Your task: Could you repeat, exactly and with no pictures, only the lines from the start of the records through the line containing "Men's high-top sneakers"?

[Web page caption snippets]
+--
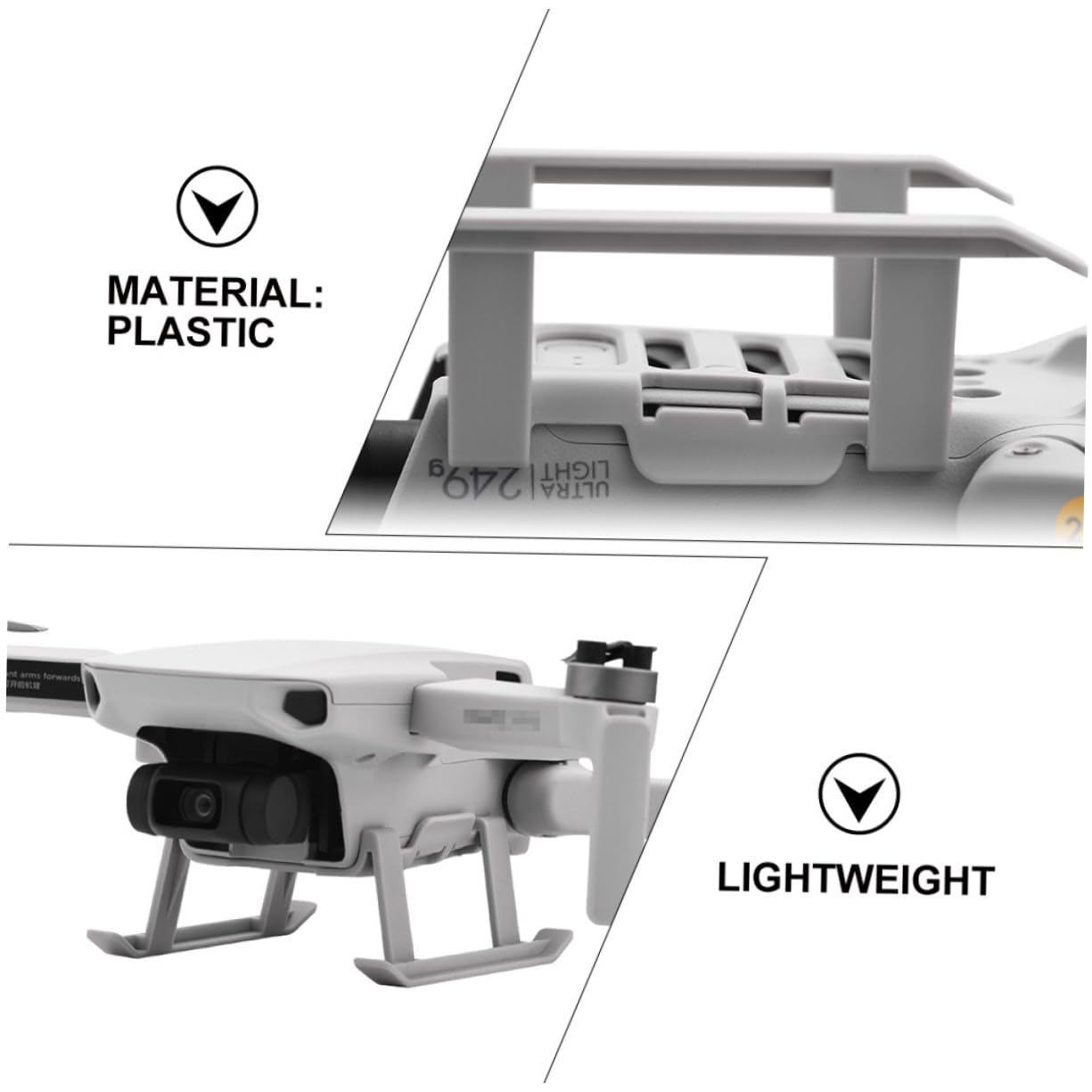 Protector de Hélices Extendido con Tren de Aterrizaje Compatible con Dron Mini Diseño Anticolisión y Absorción de para Evitar Daños y Lesiones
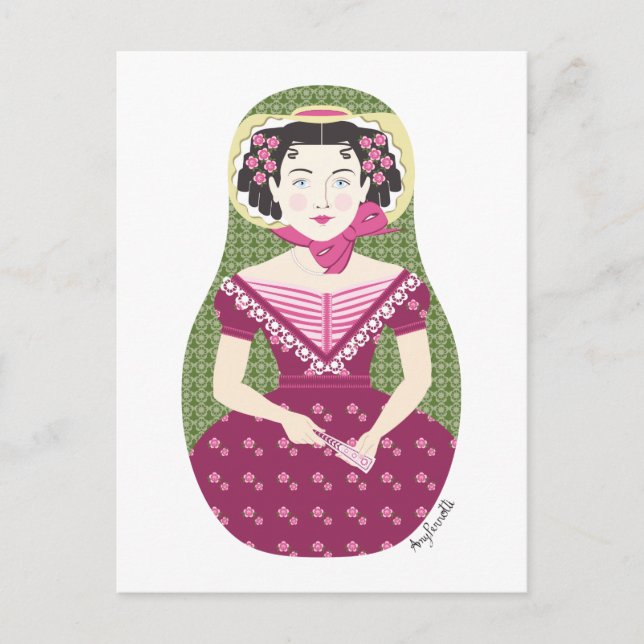 Englisch Rose Matryoshka Postcard Postkarte (Vorderseite)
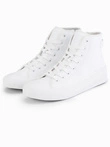 Men's high-top sneakers with zipper for easy on - white V2 OM-FOTH-0184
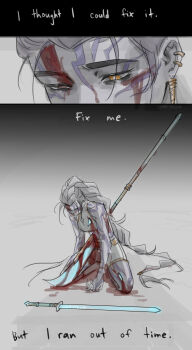  absurdres arm_markings bad_end blood commentary death english_commentary heterochromia highres huntrix injury kpop_demon_hunters long_hair markings polearm ponytail rumi_(kpop_demon_hunters) short_shorts shorts shuriken spear sword very_long_hair weapon 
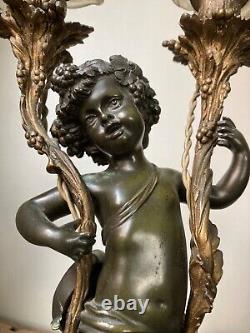 GRANDE LAMPE XIX eme BRONZE AMOUR PUTTI DE CLODION NAPOLEON 3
+--
Result:
 Protector de Hélices Extendido con Tren de Aterrizaje Compatible con Dron Mini Diseño Anticolisión y Absorción de para Evitar Daños y Lesiones
 Englisch Rose Matryoshka Postcard Postkarte (Vorderseite)
 Men's high-top sneakers with zipper for easy on - white V2 OM-FOTH-0184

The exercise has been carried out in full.